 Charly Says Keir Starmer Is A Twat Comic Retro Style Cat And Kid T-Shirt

---------------

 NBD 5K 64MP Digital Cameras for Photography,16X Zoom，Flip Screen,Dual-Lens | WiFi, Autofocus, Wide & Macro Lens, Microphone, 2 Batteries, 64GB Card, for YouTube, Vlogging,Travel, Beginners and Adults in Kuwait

---------------

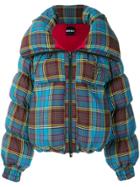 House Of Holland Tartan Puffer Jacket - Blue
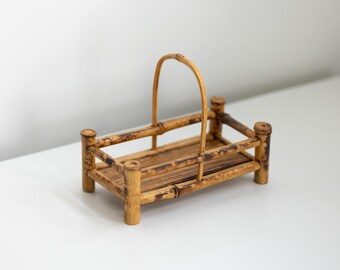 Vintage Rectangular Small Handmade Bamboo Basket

---------------

EXERCISE: Above are the records; please give again, exactly and in full, only the lines that run from the line with "House Of Holland Tartan Puffer Jacket - Blue" through the line with "Vintage Rectangular Small", with no pictures.

RESPONSE TO THIS TASK:
 House Of Holland Tartan Puffer Jacket - Blue
 Vintage Rectangular Small Handmade Bamboo Basket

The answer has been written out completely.